Extracted information.

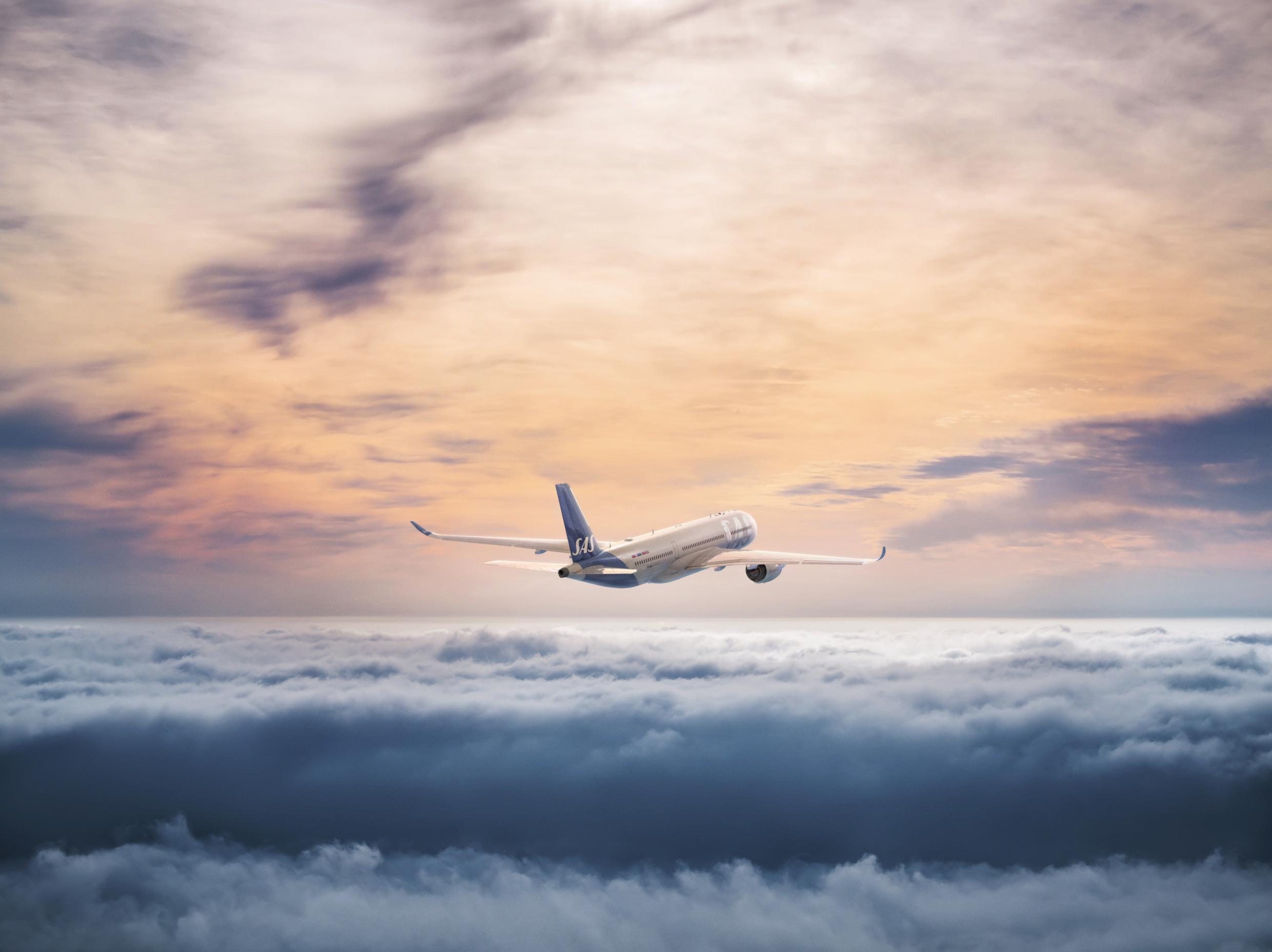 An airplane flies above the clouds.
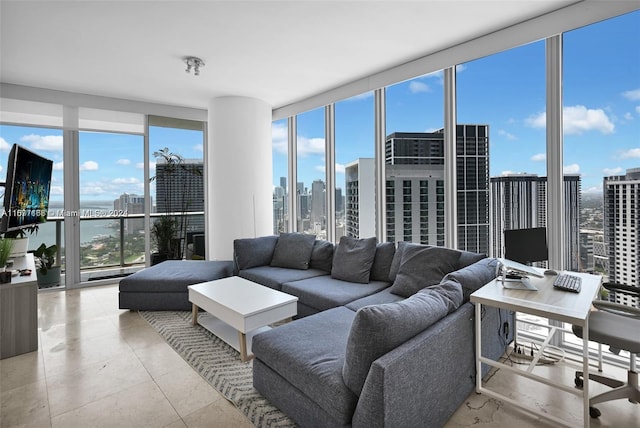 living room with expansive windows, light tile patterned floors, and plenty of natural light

...

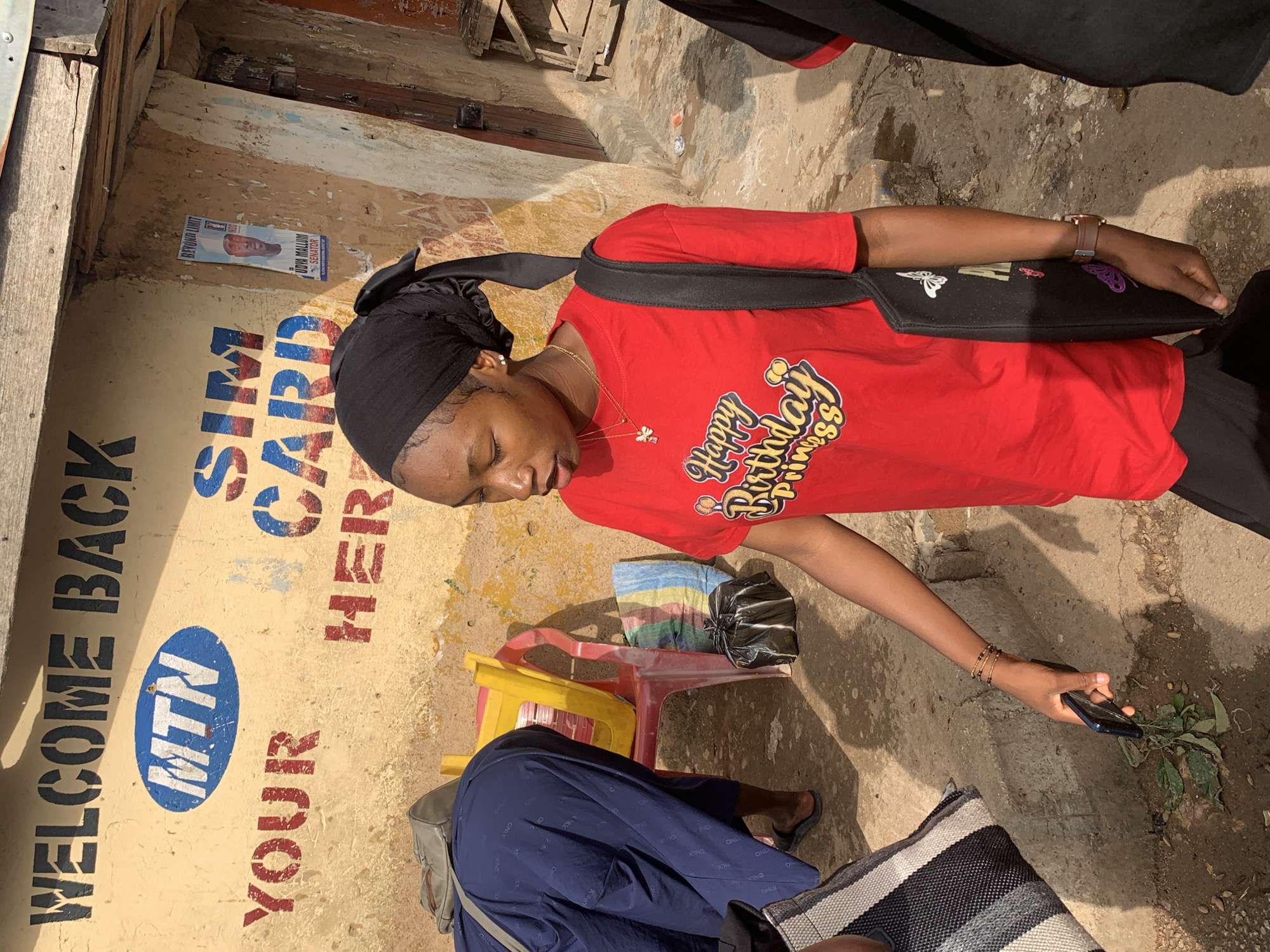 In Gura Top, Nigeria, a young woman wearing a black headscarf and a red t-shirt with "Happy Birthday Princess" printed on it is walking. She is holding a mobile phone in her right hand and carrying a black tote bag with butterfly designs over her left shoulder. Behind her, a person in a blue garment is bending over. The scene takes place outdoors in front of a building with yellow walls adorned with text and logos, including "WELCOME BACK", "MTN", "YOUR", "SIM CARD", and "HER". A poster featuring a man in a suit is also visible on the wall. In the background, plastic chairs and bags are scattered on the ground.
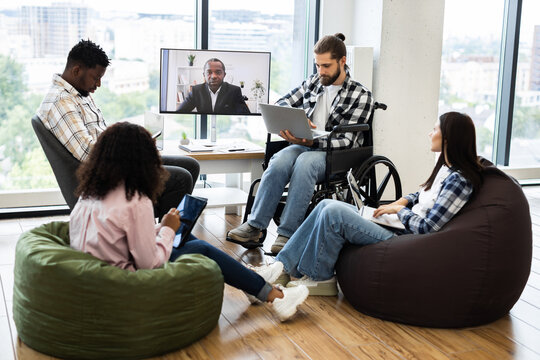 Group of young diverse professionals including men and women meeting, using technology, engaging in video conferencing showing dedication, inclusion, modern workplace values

Goal of the exercise.
Above are some records; extract exactly the lines from the one containing "An airplane flies above the clouds." through the one containing "living room with" and drop the pictures.

Output.
 An airplane flies above the clouds.
 living room with expansive windows, light tile patterned floors, and plenty of natural light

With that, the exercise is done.